Section 11. Presumptions and Effect of Certain Proceedings.
(a) In making a determination with respect to entitlement to indemnification hereunder, the Disinterested Directors or Independent Counsel, as applicable, making such determination shall, to the full extent not prohibited by law, presume that Indemnitee is entitled to indemnification under this Agreement if Indemnitee has submitted a request for indemnification.

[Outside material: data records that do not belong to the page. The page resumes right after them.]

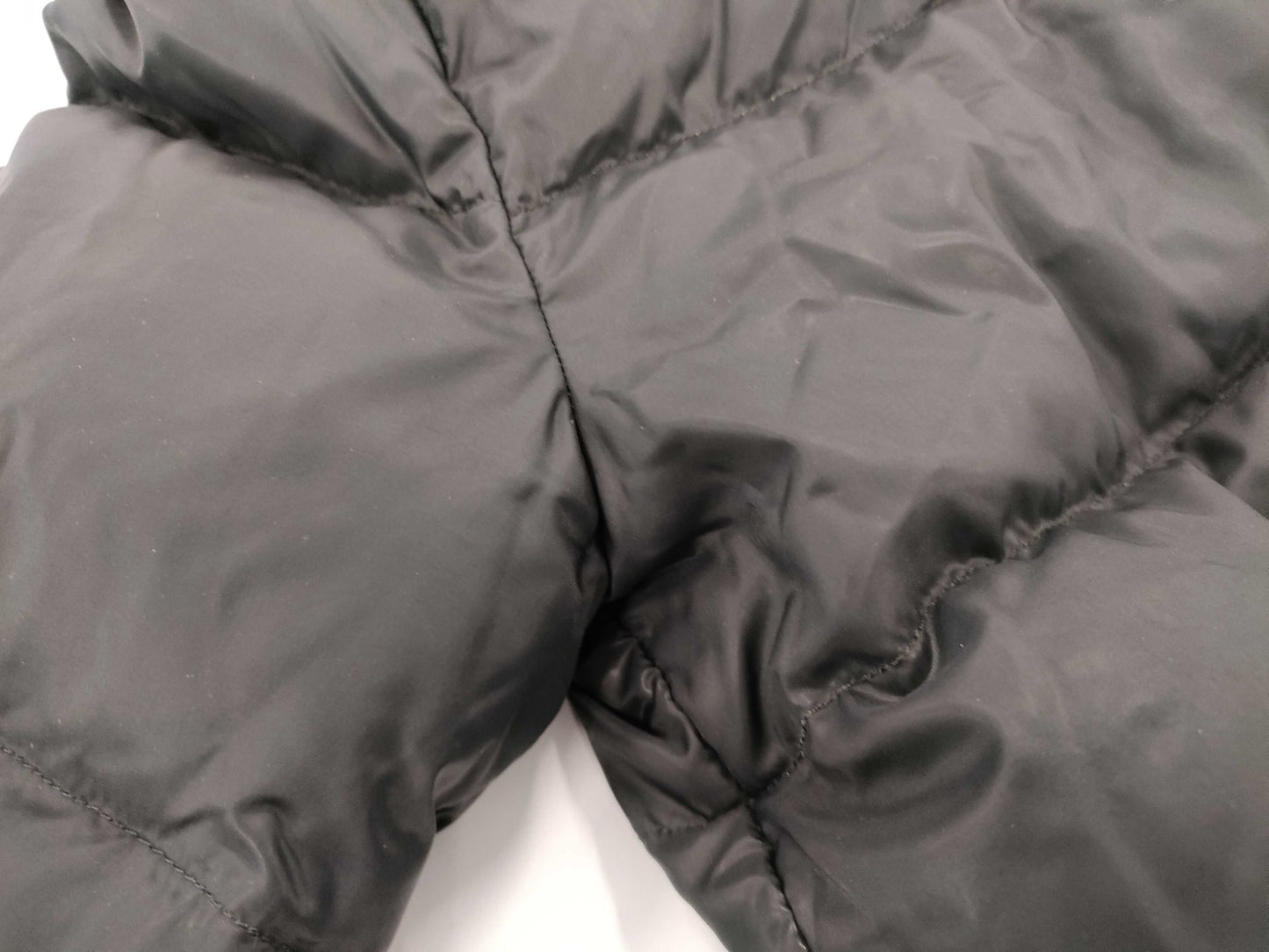 MONCLER Valentine 49353/97/68959 Jacket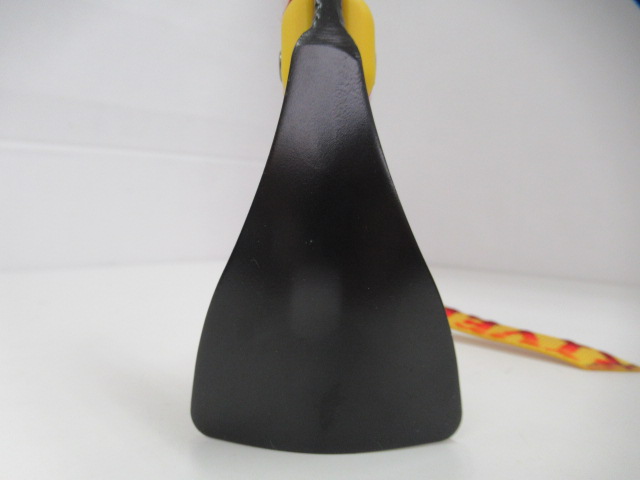 Grivel（グリベル）  ネパールSA プラス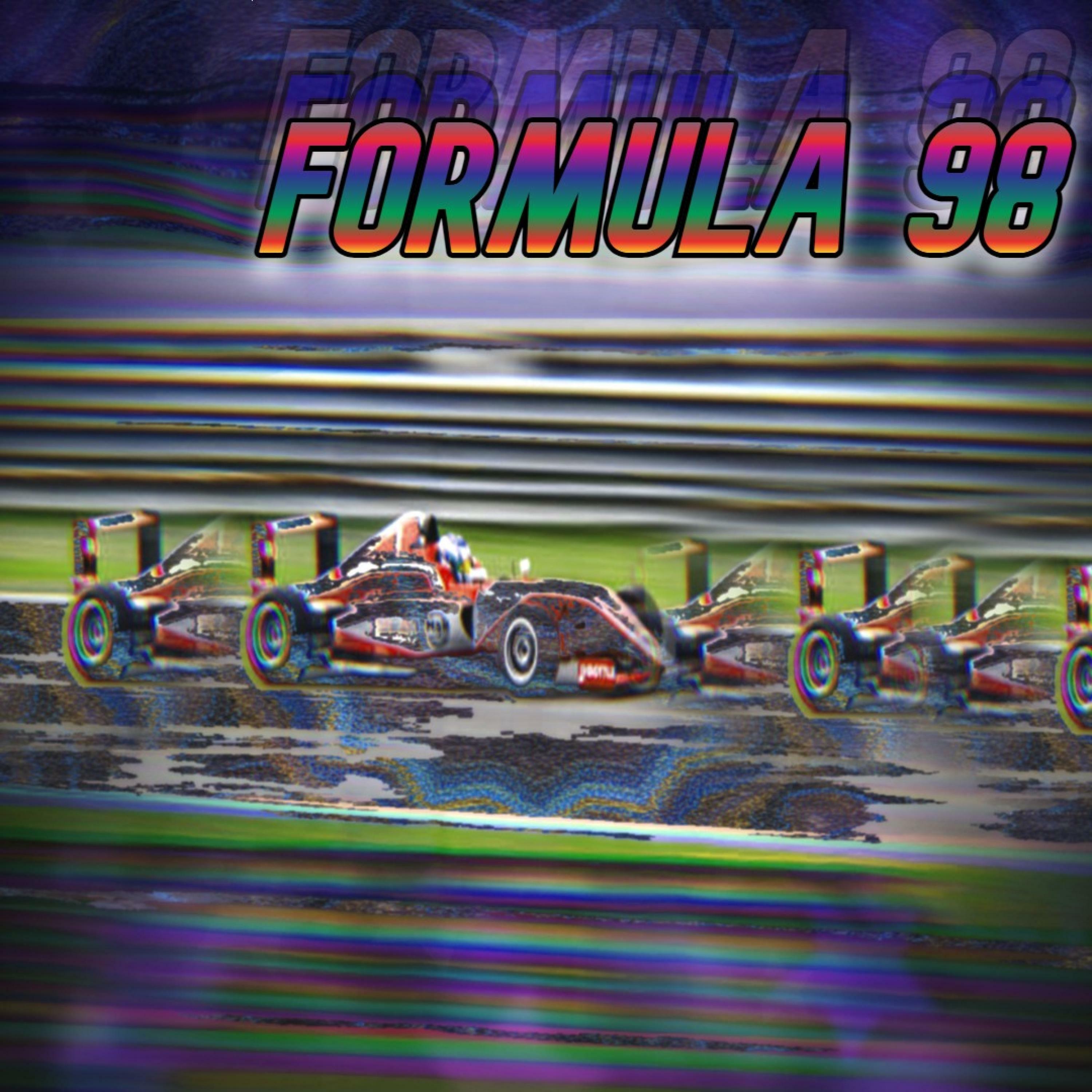 Track Image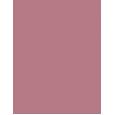 Shiseido ColorGel Lip Balm      108 Lotus 2g(Lipstick) Per Donna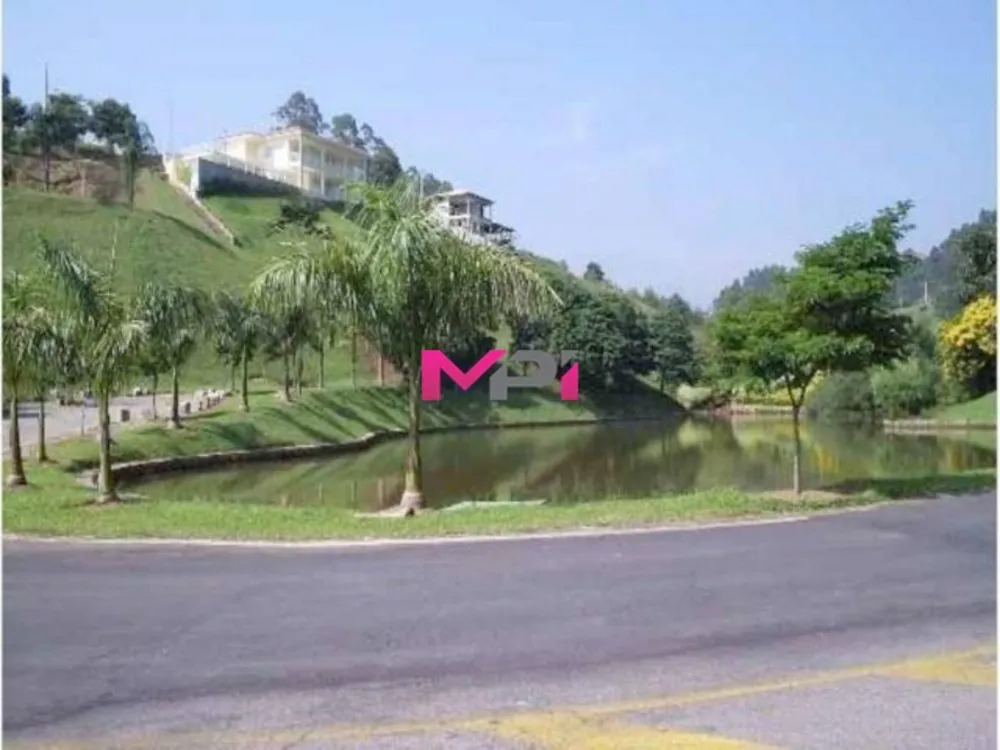 Terreno, 1728 m² - Foto 7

Neither the failure of the Company nor of the Disinterested Directors or Independent Counsel, as applicable, to have made a determination prior to the commencement of any Advance or indemnification action pursuant to this Agreement that indemnification is proper in the circumstances because Indemnitee has met the applicable standard of conduct, nor an actual determination by the Company or by the Disinterested Directors or Independent Counsel, as applicable, that Indemnitee has not met such applicable standard of conduct, shall be a defense available to the Company to the Advance or indemnification action or create a presumption that Indemnitee has not met the applicable standard of conduct necessary to obtain an Advance or indemnification.
(b) The termination of any Proceeding or of any claim, issue, or matter therein, by judgment, order, settlement, or conviction, or upon a plea of guilty or nolo contendere other than to a felony, shall not (except as otherwise expressly provided in this Agreement) of itself create a presumption that Indemnitee did not act in good faith and in a manner which he or she reasonably believed to be in or not opposed to the best interests of the Company or, with respect to any criminal Proceeding, that Xxxxxxxxxx had reasonable cause to believe that his or her conduct was unlawful.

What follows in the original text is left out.